(Stored items from a collection)
────

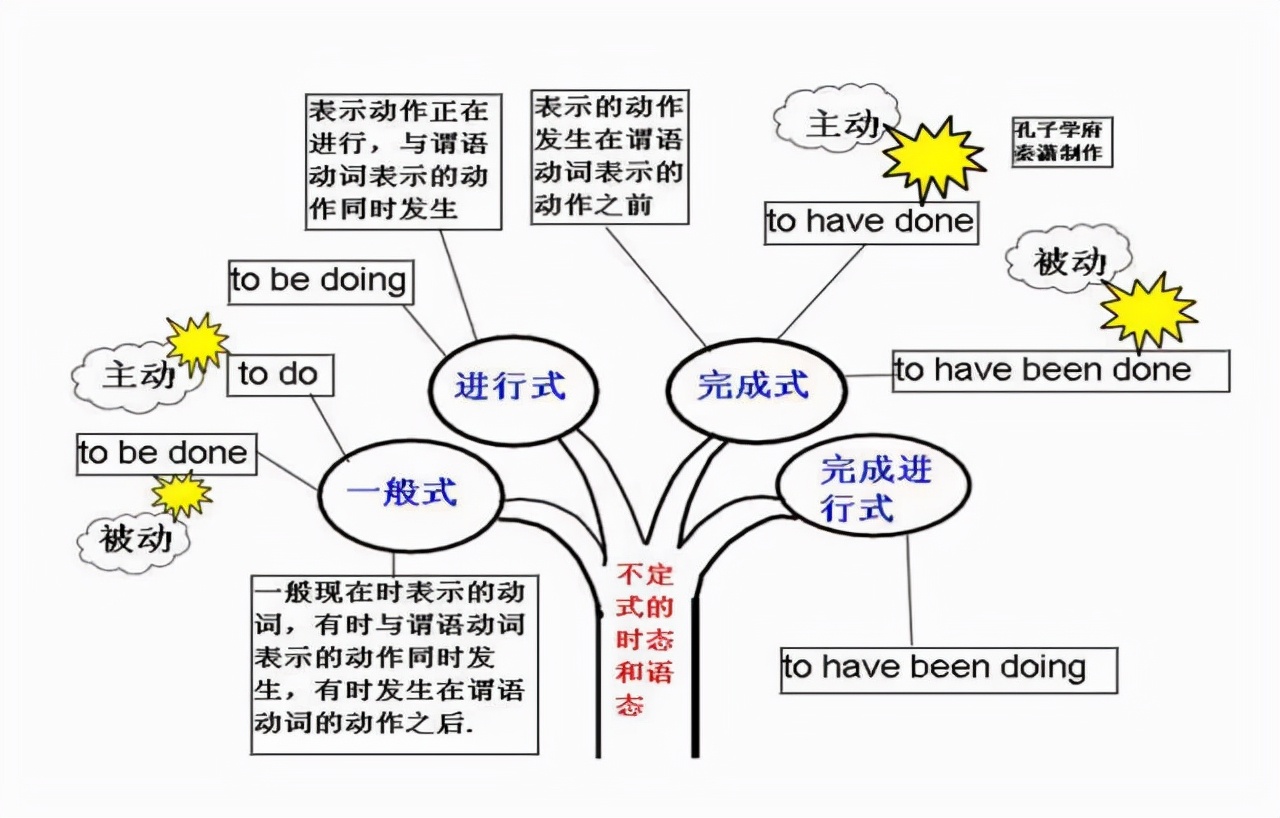 30. 省to 的動詞不定式31. 不定式作賓語32. 不定式作補語33.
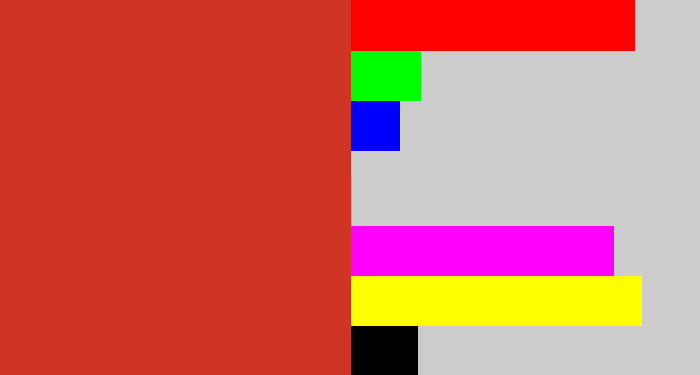 Hex color #cf3424 - reddish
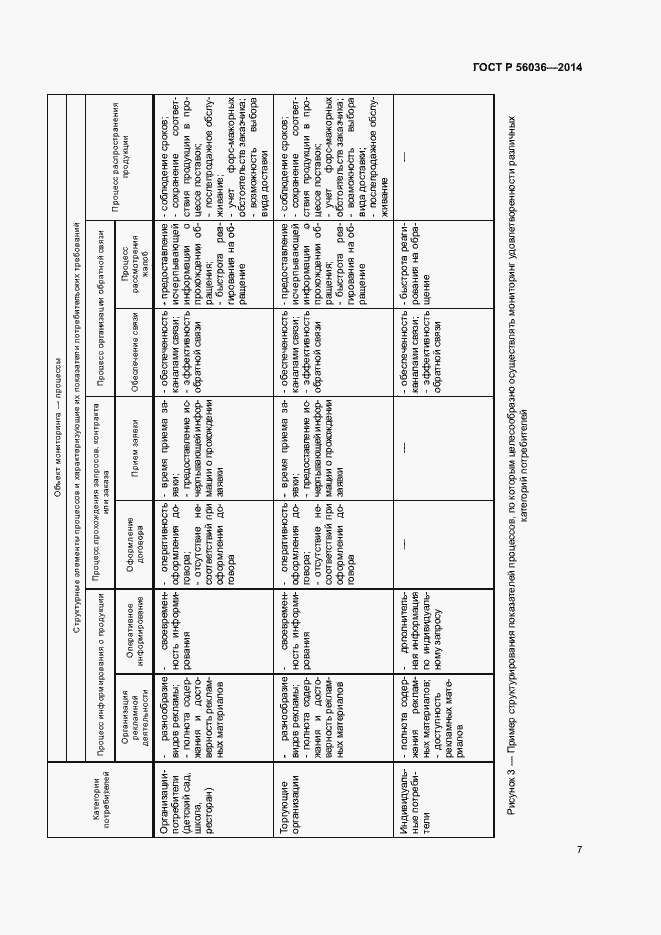 Страница 12 ГОСТ Р 56036-2014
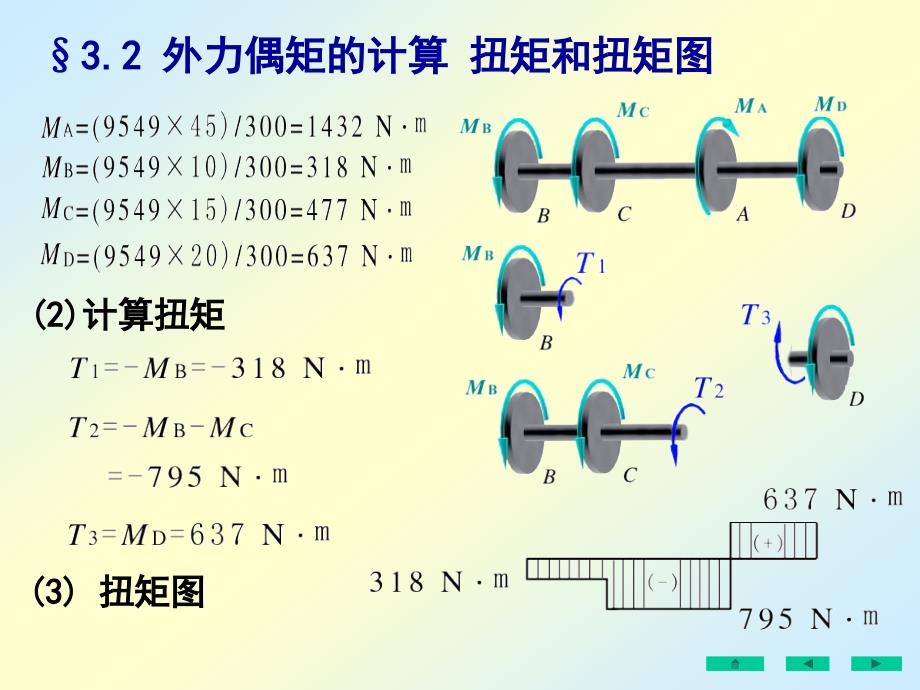 刘鸿文版材料力学课件全套2.ppt_第2页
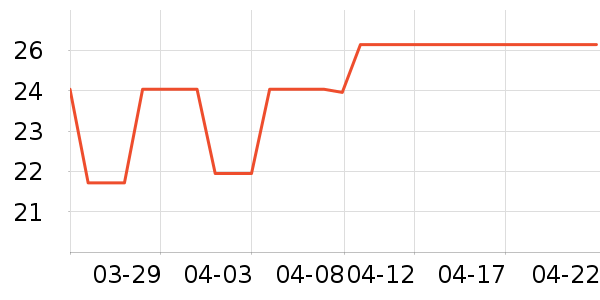 �ֵ�ҡ��/������ʷ�۸�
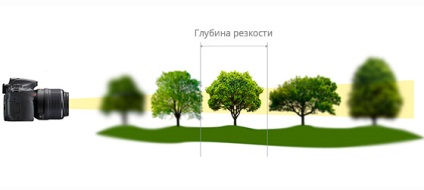 A mélységélesség a fotózás, mi ez és miért van szükség, hogy (a) A mélységélesség a fotózás, mi ez és miért van szükség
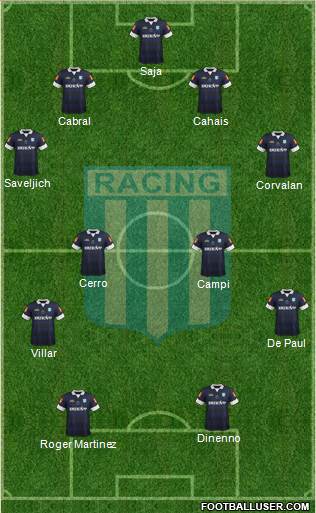 Racing Club Formation 2014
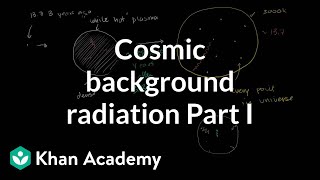 Cosmic Background Radiation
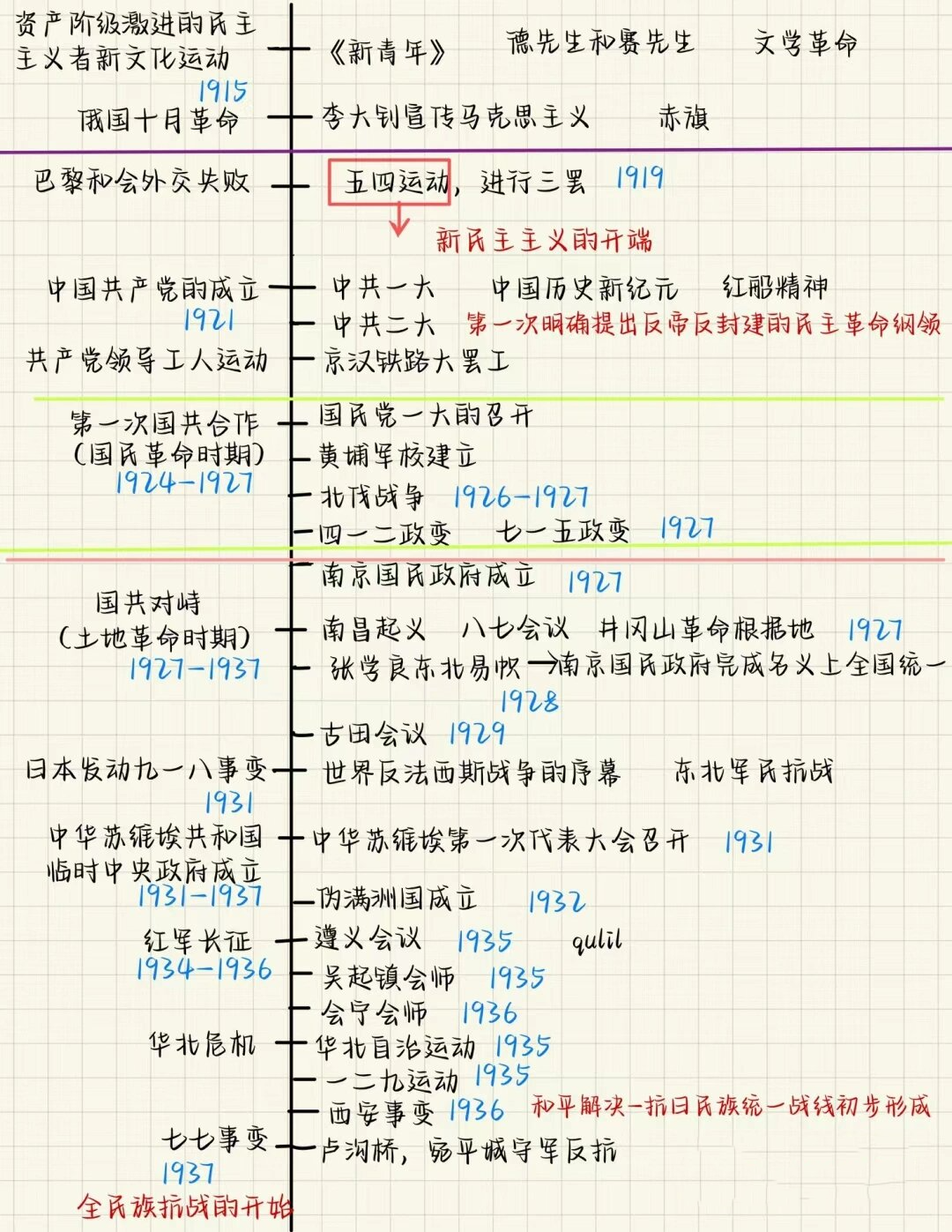 年代尺八年级上册图片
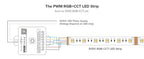 All In One LED Controller SP530E Wifi Alexa Google Home BT SP630E 5CH PWM SPI Pixels LED Strip Light WS2811 WS2812B SK6812 FCOB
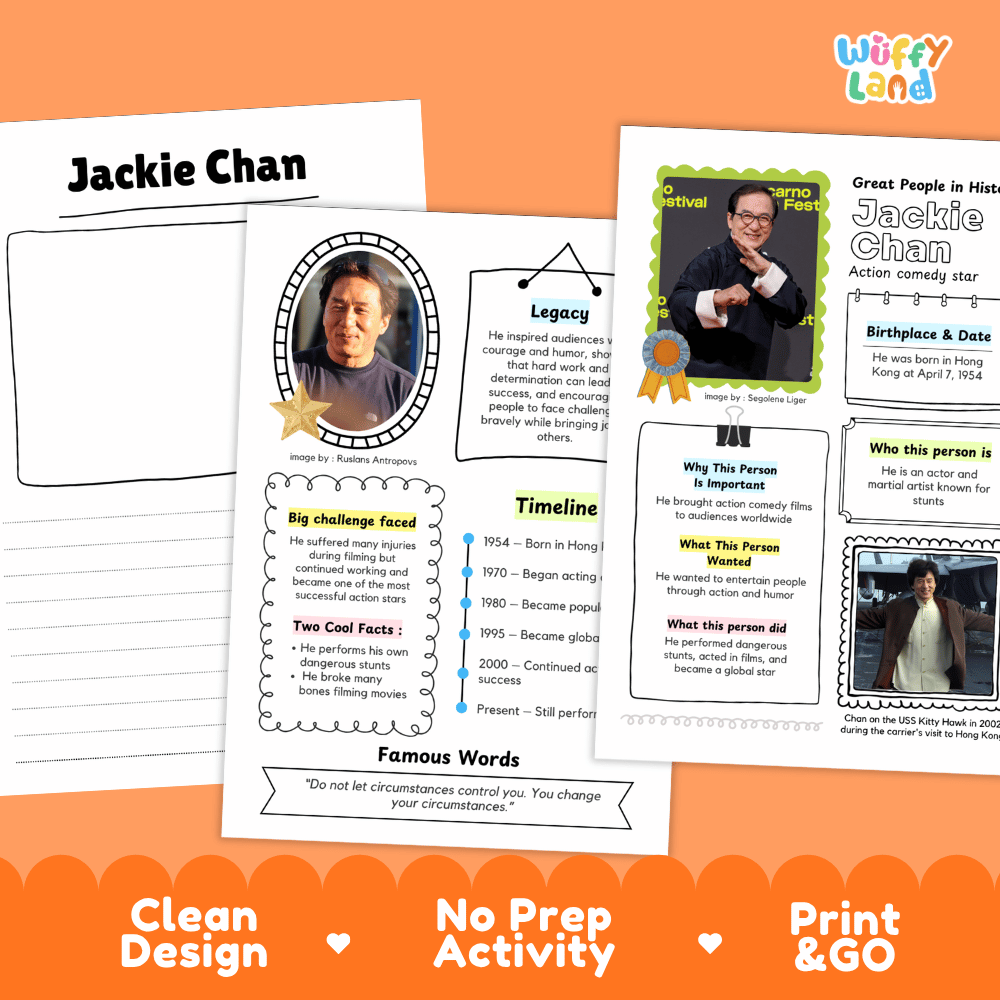 Great People in History student fact profile card detailing Jackie Chan's birthplace, martial arts films, and stunt career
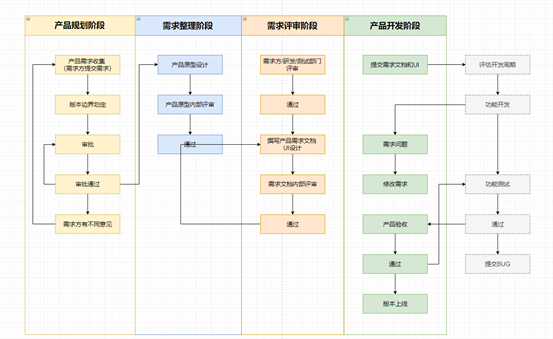 从零开始开发一款完整的app开发流程介绍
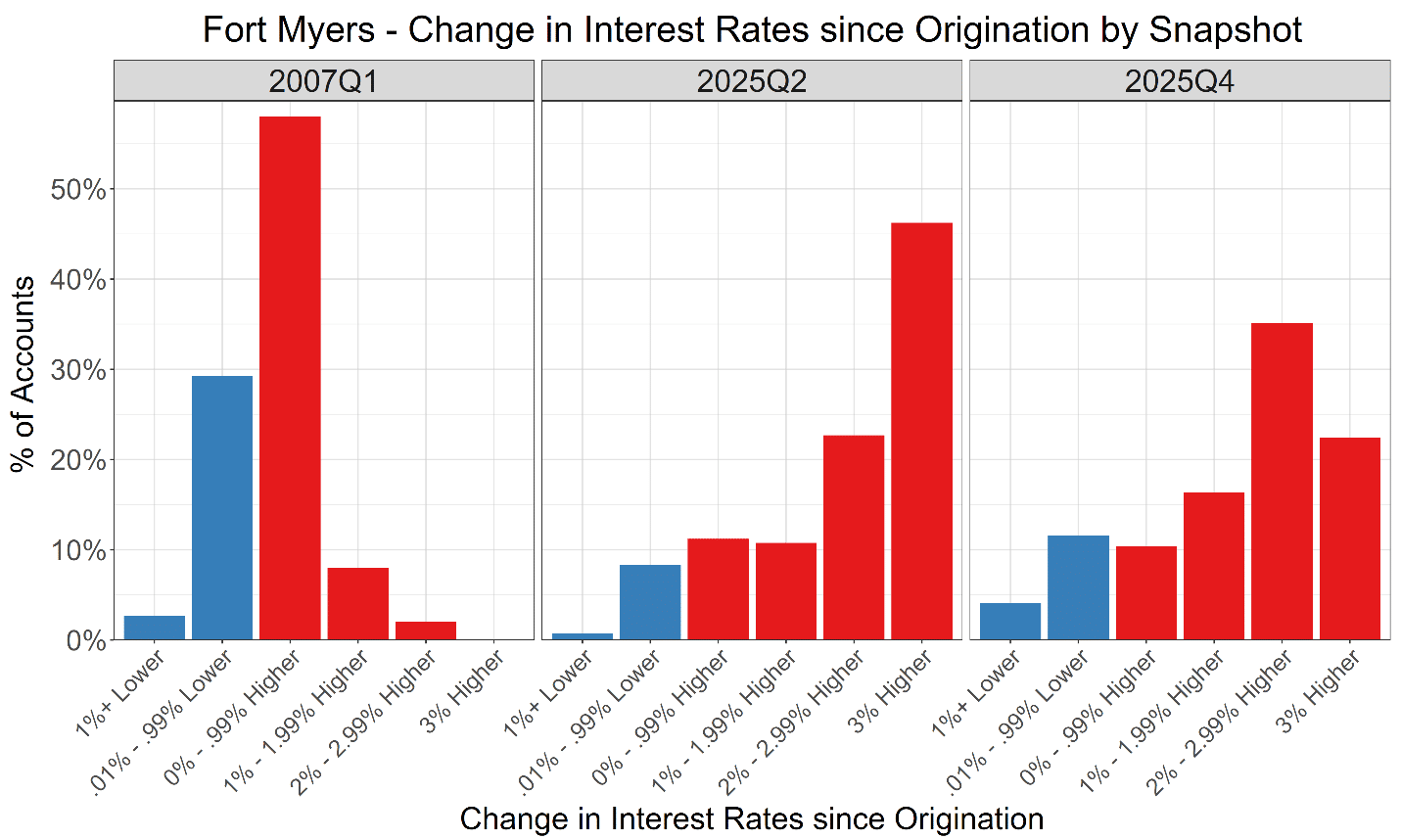 Rate spread distribution — 2007 vs. 2025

────

(What you should do):
Only the lines from the line that contains "从零开始开发一款完整的app开发流程介绍" through the end of the entries are to be written out, exactly and without pictures, both ends included.

(Result for this exercise):
 从零开始开发一款完整的app开发流程介绍
 Rate spread distribution — 2007 vs. 2025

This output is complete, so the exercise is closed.